There are more Mega Influencers in the dataset, however, there isn’t really a drastic difference in the amount of other types of influencers.
marketing_sales$Influencer = factor(marketing_sales$Influencer, levels = c("Mega",
"Micro",
"Nano",
"Macro"))
ggplot(marketing_sales, aes(x = Influencer))+
geom_bar(aes(fill = Influencer), stat = "count", position = "dodge") +
geom_text(stat='count', aes(label=..count..), vjust= 0, colour = "black")+
labs(title = "Count of Influencer Type", x = "Influencer Type", y = "Count") +
scale_y_continuous(labels = scales::comma) +
scale_fill_manual(values = c("#440154", "#31688e", "#35b779", "#fde725")) +
theme(legend.position = "none")
The distribution of the influencer is similar across all types.

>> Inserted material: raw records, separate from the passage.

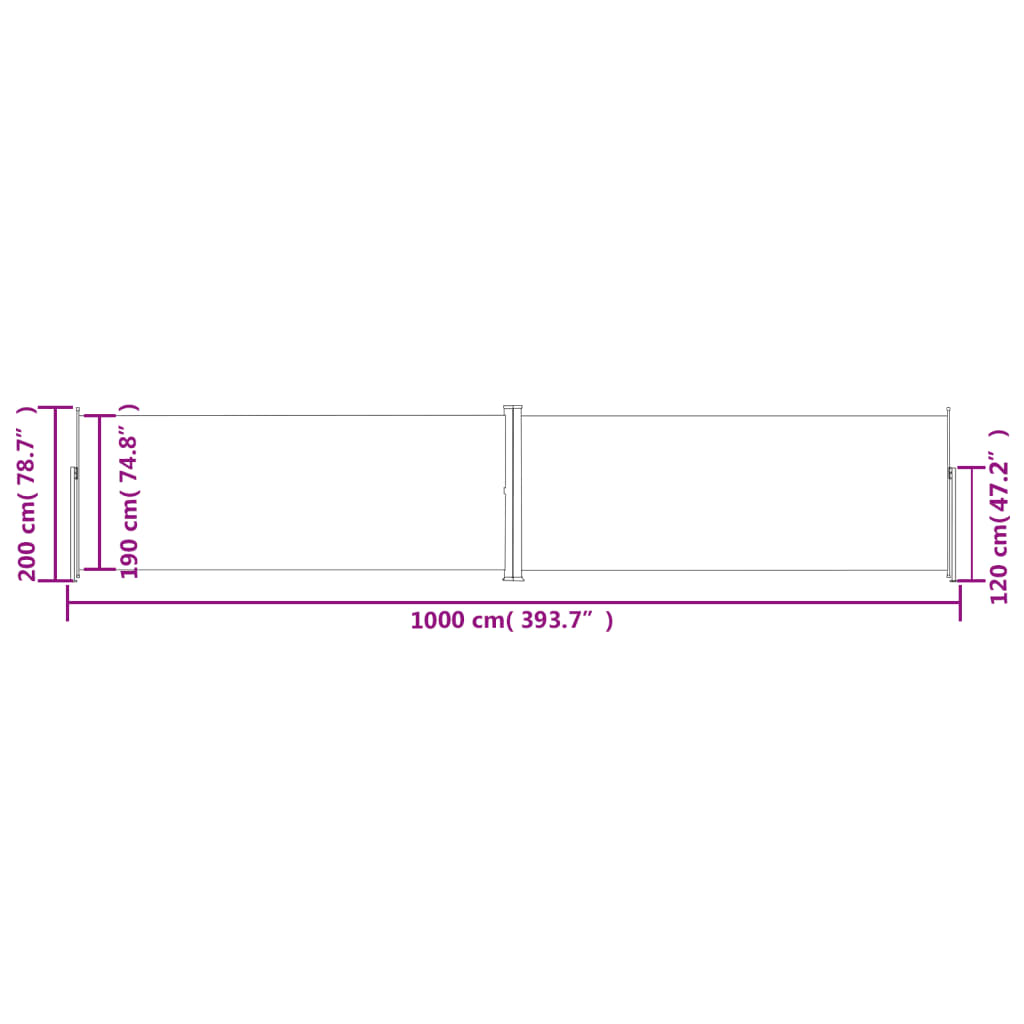 Tenda da Sole Laterale Retrattile Blu 200x1000 cm - homemem39
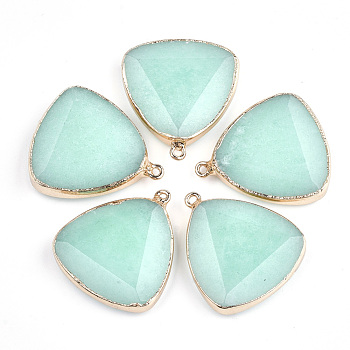 Electroplate Natural  Amazonite Pendants, with Iron Findings, Faceted, Triangle, Golden, 34x30x7mm, Hole: 1.8mm
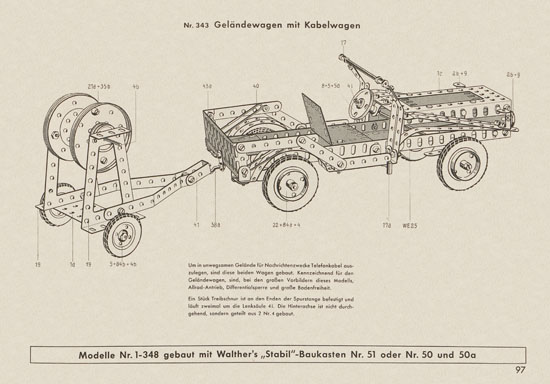 Walther Metall-Baukasten Stabil Katalog 1956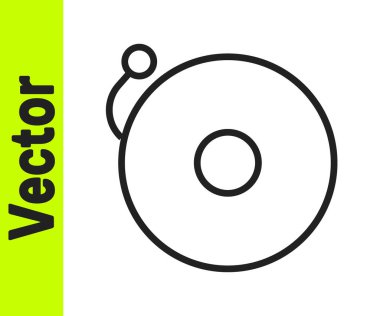 Siyah çizgi alarm zili simgesi beyaz arkaplanda izole edildi. Alarm sembolü, servis zili, el zili işareti, uyarı sembolü. Vektör İllüstrasyonu.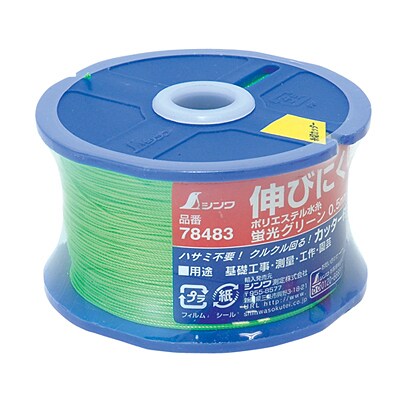 78483 [ポリエステル水糸 リール巻 細 0.5mm 500m 蛍光グリーン]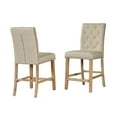 thumbnail image 5 of Upholstered Beige Linen Fabric Counterheight Chairs (Set of 2), 5 of 5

ggplot(marketing_sales, aes(y = Sales, x = Influencer, fill = Influencer)) +
geom_violin() +
labs(title= "Distribution of Influencer Type", y = "Sales", x = "Influncer Type") +
scale_fill_manual(values = c("#440154", "#31688e", "#35b779", "#fde725")) +
theme(legend.position="none")
ggplot(marketing_sales, aes(y = Sales, x = Influencer, fill = Influencer)) +
geom_boxplot() +
labs(title= "Distribution of Influencer Type", y = "Sales", x = "Influncer Type") +
scale_fill_manual(values = c("#440154", "#31688e", "#35b779", "#fde725")) +
theme(legend.position="none")
Radio and social media budget are right-skewed.
marketing_sales %>%
dplyr::select(c("TV", "Radio", "Social.Media"))%>%
gather() %>%
ggplot(aes(value)) +
facet_wrap(~ key, scales = "free") +
geom_histogram(aes(y=..density..), colour="black", fill="white")+
geom_density(alpha=.2, fill="#3399CC") +
labs(title= "Distribution of Numeric Variables")
Sales and radio have a high positive correlation (r = .87), meaning as the radio budget increases, sales increase.
TV and radio have a high positive correlation (r = .87), meaning as TV budget increases, radio budget increases.
Sales and social media have a moderately positive correlation (r = .53), meaning as social media budget increases, sales increase.
TV and social media have a moderately positive correlation (r = .53), meaning as TV budget increases, social media budget increase.
Radio and social media have a moderately positive correlation (r = .61), meaning as radio budget increases, social media budget. increase.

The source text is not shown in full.